Une réforme ciblant le partage du congé… mais peu investie par les pères
Entrée en vigueur en janvier 2015, la réforme a limité à deux ans la durée d’indemnisation du congé parental par parent, sauf dans le cas où les deux le partagent. Cette mesure visait à inciter les pères à prendre leur part du congé. Résultat, leur engagement est resté marginal : l’augmentation du recours au congé indemnisé est restée limitée à +1,4 point pour un congé à taux partiel et +0,2 point à taux plein. Chez les seuls pères dont la conjointe a dû renoncer à la troisième année indemnisée, la hausse atteint +4,4 points à temps partiel et +0,6 point à temps plein.

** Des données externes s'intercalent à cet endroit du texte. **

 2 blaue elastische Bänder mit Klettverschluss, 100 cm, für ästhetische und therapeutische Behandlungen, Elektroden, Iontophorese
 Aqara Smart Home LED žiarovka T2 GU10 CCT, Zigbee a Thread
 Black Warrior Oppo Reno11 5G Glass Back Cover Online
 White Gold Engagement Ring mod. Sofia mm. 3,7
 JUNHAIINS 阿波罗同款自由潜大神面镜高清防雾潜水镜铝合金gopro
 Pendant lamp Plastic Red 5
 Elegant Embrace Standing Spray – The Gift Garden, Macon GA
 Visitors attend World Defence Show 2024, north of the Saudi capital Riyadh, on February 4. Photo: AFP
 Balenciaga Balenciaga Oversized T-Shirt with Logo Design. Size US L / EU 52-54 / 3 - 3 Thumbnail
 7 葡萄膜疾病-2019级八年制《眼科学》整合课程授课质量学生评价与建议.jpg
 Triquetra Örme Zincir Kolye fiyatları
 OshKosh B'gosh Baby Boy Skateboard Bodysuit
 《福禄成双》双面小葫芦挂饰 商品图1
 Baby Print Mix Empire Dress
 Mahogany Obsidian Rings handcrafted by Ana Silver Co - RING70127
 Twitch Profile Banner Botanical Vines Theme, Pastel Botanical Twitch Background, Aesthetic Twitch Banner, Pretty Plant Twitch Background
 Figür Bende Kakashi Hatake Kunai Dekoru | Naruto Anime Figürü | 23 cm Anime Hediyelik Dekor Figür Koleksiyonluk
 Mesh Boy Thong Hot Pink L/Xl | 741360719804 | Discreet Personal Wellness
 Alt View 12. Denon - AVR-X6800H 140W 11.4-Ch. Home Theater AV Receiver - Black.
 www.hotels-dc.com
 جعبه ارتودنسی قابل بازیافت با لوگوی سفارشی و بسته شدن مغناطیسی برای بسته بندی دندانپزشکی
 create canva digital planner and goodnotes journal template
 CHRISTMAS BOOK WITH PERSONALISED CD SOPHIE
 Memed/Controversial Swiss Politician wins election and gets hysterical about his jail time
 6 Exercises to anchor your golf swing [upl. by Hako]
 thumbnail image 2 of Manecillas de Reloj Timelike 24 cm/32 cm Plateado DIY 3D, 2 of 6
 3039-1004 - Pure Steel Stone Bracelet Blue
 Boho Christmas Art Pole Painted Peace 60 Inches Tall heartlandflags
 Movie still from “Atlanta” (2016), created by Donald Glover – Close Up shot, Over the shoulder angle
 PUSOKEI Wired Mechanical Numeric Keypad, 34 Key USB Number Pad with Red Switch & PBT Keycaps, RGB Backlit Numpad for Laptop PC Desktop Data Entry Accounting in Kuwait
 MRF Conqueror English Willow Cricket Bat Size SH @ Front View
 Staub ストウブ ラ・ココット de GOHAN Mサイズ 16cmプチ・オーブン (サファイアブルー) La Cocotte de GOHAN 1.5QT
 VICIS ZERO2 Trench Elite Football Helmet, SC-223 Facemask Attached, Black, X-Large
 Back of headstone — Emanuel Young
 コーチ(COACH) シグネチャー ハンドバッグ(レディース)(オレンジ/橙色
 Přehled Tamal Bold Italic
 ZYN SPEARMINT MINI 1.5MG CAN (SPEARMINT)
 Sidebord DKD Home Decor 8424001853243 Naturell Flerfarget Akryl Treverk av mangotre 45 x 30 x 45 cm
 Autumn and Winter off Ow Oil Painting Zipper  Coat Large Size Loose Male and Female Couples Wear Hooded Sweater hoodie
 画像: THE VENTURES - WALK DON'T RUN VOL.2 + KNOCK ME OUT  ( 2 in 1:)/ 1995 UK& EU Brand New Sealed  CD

Plusieurs facteurs freinent cette implication : d’une part, l’indemnisation est restée forfaitaire et faible – 392,48 € mensuels pour un arrêt total –, ce qui pénalise davantage les pères aux revenus plus élevés. D’autre part, même dans les couples où les pères gagnent moins que la conjointe, le report du congé n’a pas eu lieu. Les normes sociales et les stéréotypes de genre demeurent des freins puissants, renforcés par l’idée reçue persistante du congé parental comme une responsabilité féminine, y compris dans les milieux professionnels qualifiés.
Ces résultats sont à mettre en perspective avec les récentes conclusions de l’APEC, dont nous vous parlions récemment.
Un effet mesuré sur le retour à l’emploi des mères
L’autre objectif affiché de la réforme était de favoriser la reprise d’activité des mères. Les résultats montrent une amélioration à court terme : le taux d’emploi des mères de deux enfants ou plus est passé de 56,9 % à 62,4 % lors de la troisième année suivant la naissance, soit une hausse de 5,5 points. Rapportée aux seules femmes ayant perdu la troisième année indemnisée, cela signifie qu’environ 35,7 % sont revenues en emploi dans cette période.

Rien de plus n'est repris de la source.